14. A child drowned while swimming in a local lake 4 years earlier. Which behavior indicates that the parents are effectively coping with their loss? The parents: a. prohibit their other children from going swimming. b. keep a place set for the dead child at the family dinner table. c. keep their child's room exactly as the child left it 4 years ago. d. throw flowers on the lake at each anniversary date of the accident.

ANS: D The loss of a child is among the highest risk situations for dysfunctional grieving. The parents who throw flowers across the lake on each anniversary date of the accident are effectively using a ritual to express their feelings openly. The other behaviors indicate the parents are isolating themselves or denying their feelings or both.

26. A grieving patient tells a nurse, "It's been 8 months since my spouse died. I thought I would feel better by now, but lately I feel worse. I have no energy. I am lonely, but I don't want to be around people. What should I do?" What is the nurse's best counsel? a. Seek psychotherapy. b. Become active in a church. c. Attend a bereavement group. d. Understand this is a normal response.

ANS: D The patient needs understanding and support that the feelings are normal. Although feelings of depression generally decline over the period of a year after the death of a loved one, the decline is not linear. Loneliness and aimlessness are most pronounced 6 to 9 months after the death. The patient should be educated about phenomena experienced during bereavement. The other options are not clearly indicated.

21. A terminally ill patient tells the nurse, "Life has been good. I am proud of being self-educated. I overcame adversity with willpower. I always gave my best and expected things to turn out well. I intend to die as I lived: optimistically." The nurse planning care for this patient recognizes a critical need to: a. provide aggressive pain and symptom management. b. help the patient reassess and explore existing conflicts. c. assist the patient to focus on the meaning in life and death. d. support the patient's use of personal resources to meet challenges.

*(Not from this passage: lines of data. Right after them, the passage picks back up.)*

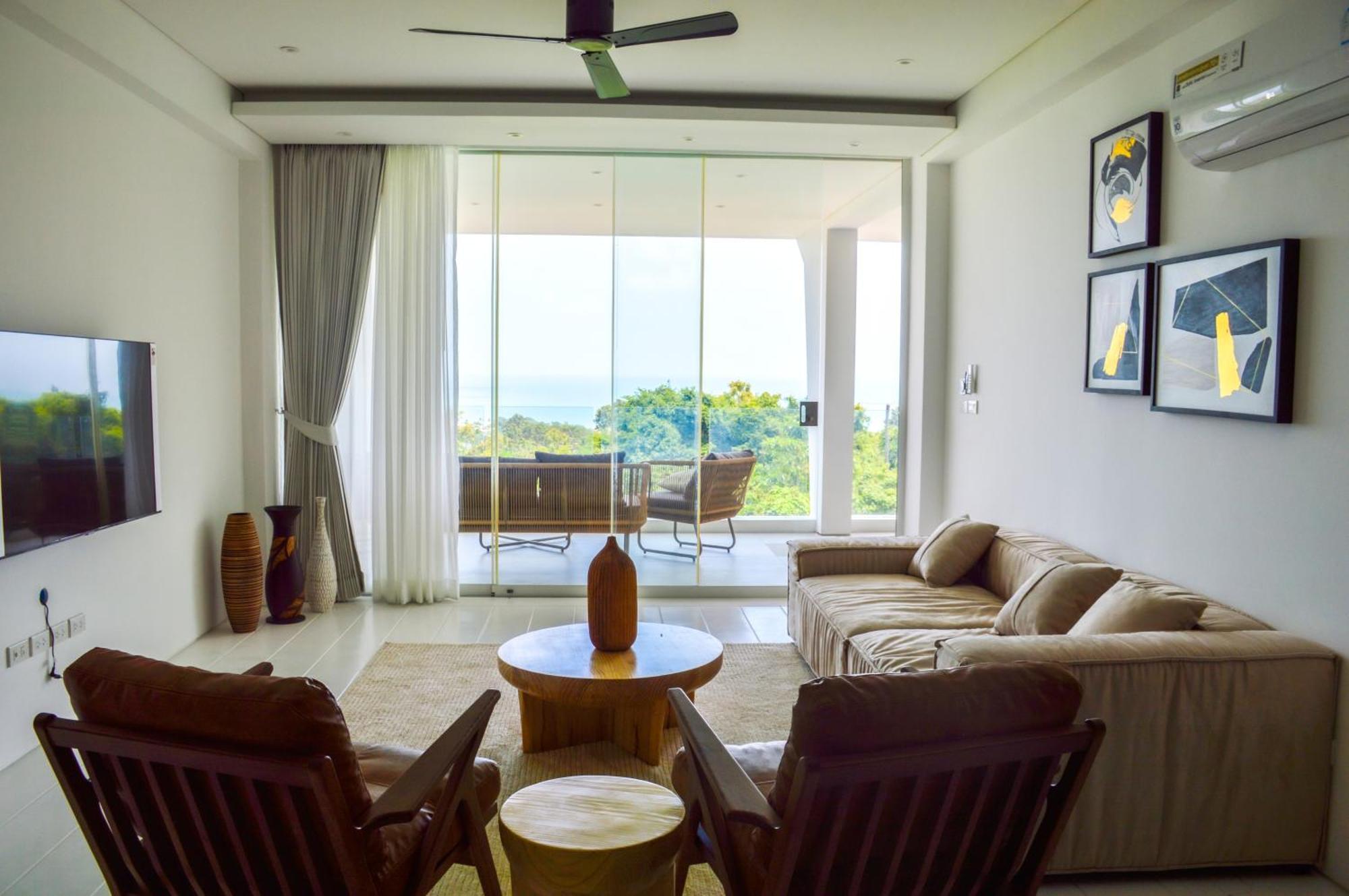 Amphoe Koksamui Golden Lotus Villas מראה חיצוני תמונה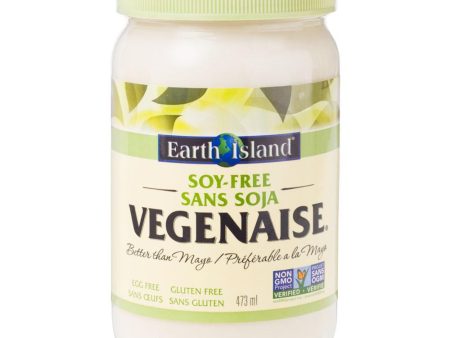 Earth Island Soy-Free Vegenaise 473ml Online now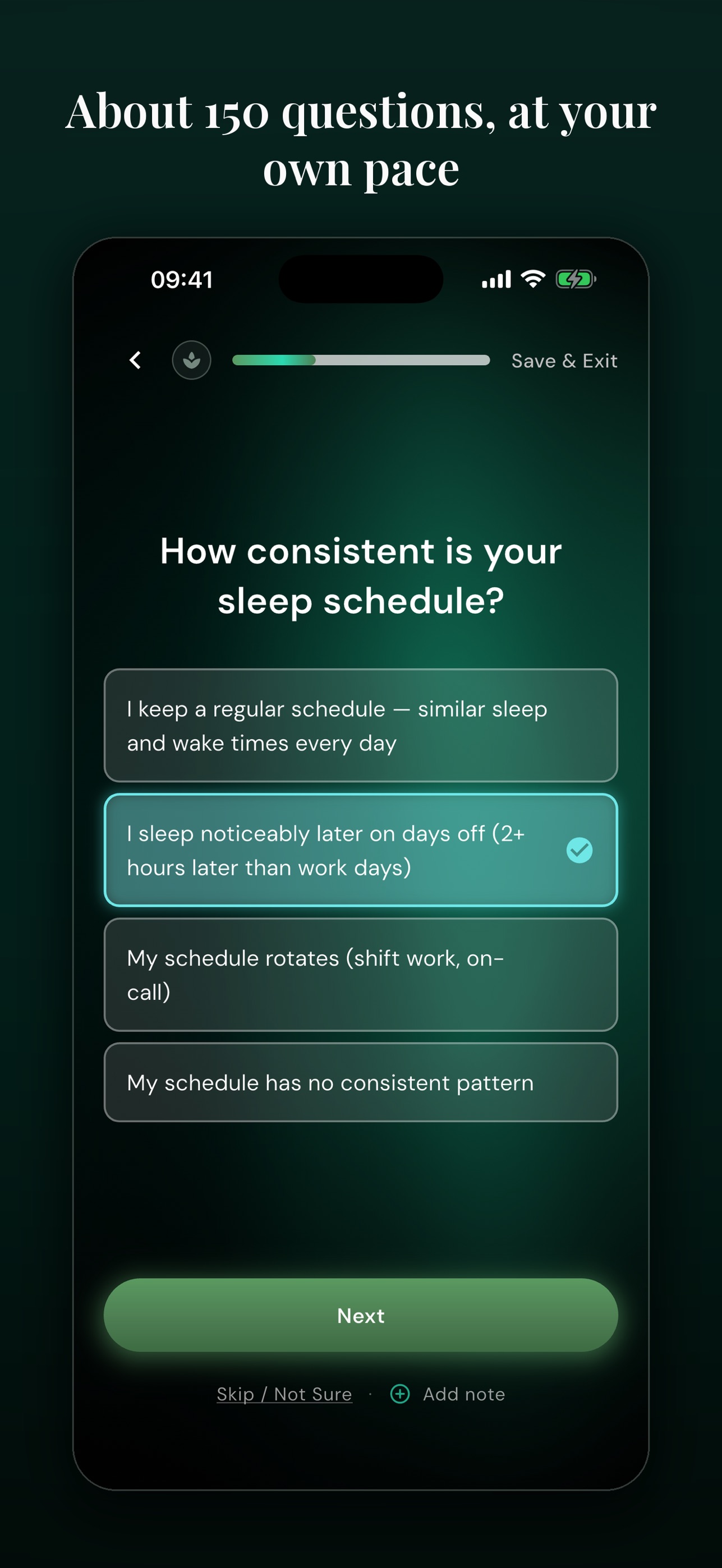 Screenshot 2 of Briefa: Wellness Companion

ANS: D The patient whose intrinsic strength and endurance have been a hallmark often wishes to approach dying by staying optimistic and in control. Helping the patient use his or her resources to meet challenges is appropriate.

10. A patient newly diagnosed with pancreatic cancer says, "My father also died of pancreatic cancer. I took care of him during his illness. I can't go through that." Select the highest priority nursing diagnosis. a. Anticipatory grieving b. Ineffective coping c. Ineffective denial d. Risk for suicide

ANS: D The patient's statement has a subtle message of suicide. Suicide is a risk for people with major losses, including terminal disease. The nurse will need to monitor the suicide risk vigilantly. The other diagnoses may apply but are lower priority.

18. A family asks the nurse, "What can we say when our terminally ill family member mentions death is coming soon?" Which response could the nurse suggest? a. "We think you will be around for a long time." b. "We don't want you to give up trying to get well." c. "We don't think we're ready to talk about this yet." d. "We feel so sad when we think of life without you."

ANS: D This response is emotionally honest. It will allow the family opportunities to express emotions and further resolve issues in the relationship and explore end-of-life developmental opportunities. The incorrect options are evasive.